Biodynamics educator Hamish Mackay says adding two per cent organic matter to 10 per cent of the world's agricultural land would soak up the excess carbon dioxide needed to rein in climate change.
Hamish, and fellow biodynamic farmer Charlie Arnott, was talking to a group of students at their Introduction to Biodynamics course at Glenmore House, owned by Larry and Mickey Robertson, near Camden, NSW.
It was a bold statement that captured the group's attention and emphasised the importance of learning biodynamics basics to capture carbon, and improve soil health and water holding capacity of their gardens and farms. Other demonstrated benefits are increased plant yield, disease resistance, and nutritional value.
"It's also the quickest way to create more rain," Hamish said. "The more moisture in the soil, the more water can drain in, and be transpired."
I was first exposed to biodynamics, developed in the 1920s by Rudolph Steiner, as a journalist covering the Mudgee Small Farm Field Days for The Land newspaper in the late 1980s and early 1990s. In 30 years I've observed its evolution from alternative fringe to mainstream regenerative agriculture.
Charlie put the role of soil health into perspective asking, "How many of you know your doctor, who you see once a year, by name? How many of you know your farmers, who you need every day for your health, by name?"
Hamish handed around a manure filled horn to introduce the signature horn manure fertiliser making technique that biodynamics is known for. While horns are becoming difficult to source, they are still used to fill with the manure of lactating cows, and buried for six months before diluting the resulting fertiliser and spraying it onto paddocks.
Biodynamic compost preparations, including yarrow, chamomile, stinging nettle, oak bark, dandelion, valerian, and equisetum, are used to activate compost, or fermented as a tea and used as a soil spray to grow food for humans or groundcover for livestock. We also learnt about the astro calendar, and the potential to work with the rhythmic energies of the moon and the sun to benefit the soil and plant growth.
Host Mickey Robertson told us about her own biodynamics journey that began 14 years ago in a quest to understand more about garden soil and its influence on the taste of food.
"Everything we eat begins with the soil," Mickey said.
The day's sessions were punctuated with morning tea, lunch, and afternoon tea cooked largely from the Robertsons' kitchen garden. As well as Flourless orange and Au pairs apple cakes, teacup of sorel soup, and pumpernickel soda bread with labne and thyme, we tasted Charlie's biodynamic lamb served with Sicilian caponata, basil pesto, and garden potatoes with rosemary, followed by Clementine ice cream and baked quince.

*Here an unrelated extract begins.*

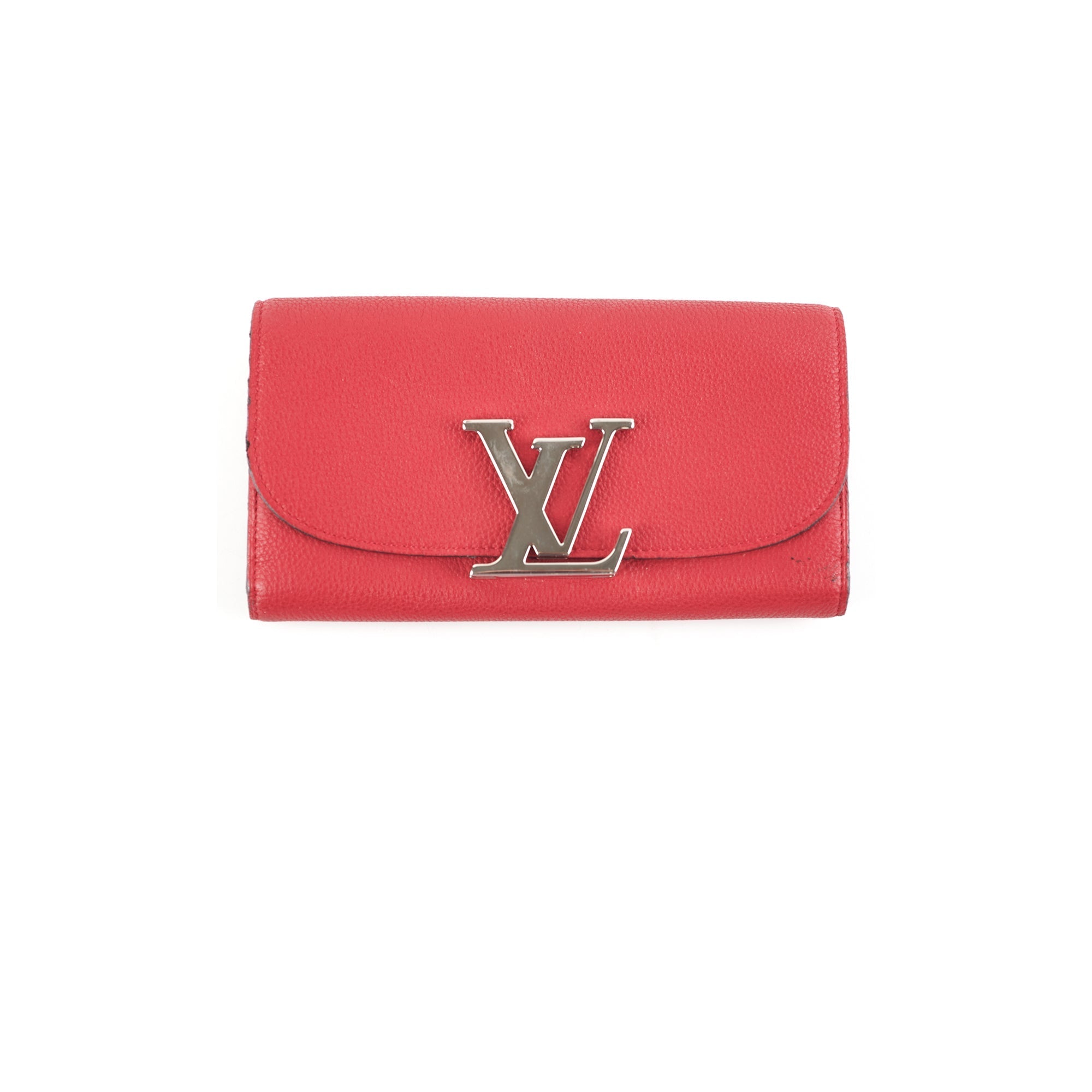 Louis Vuitton Dark Pink Long Wallet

Mickey purposely cooks from her book, '
The House and Garden at Glenmore' so guests can replicate seasonal dishes at home. When I arrive home I am motivated to cook Au pair's apple cake and Sicilian caponata with our excess apple, tomato, capsicum and eggplant harvest.
Introduction to Biodynamics is not all eating and listening. By the afternoon it is time to get our hands dirty and I am among the volunteers to stir buckets of diluted manure to activate a manure and hay layered compost heap in the Robertsons' impressive compost bays.
Back at home I am enthusiastic to introduce biodynamic techniques in our garden and paddocks, starting with a search for cow horns. Meanwhile, Duncan is buying cheap mulch by the ute-load from Tamworth's waste management centre to help improve our soil structure and water holding capacity, and placing fallen branches in shallow paddock gullies to slow runoff when it eventually rains.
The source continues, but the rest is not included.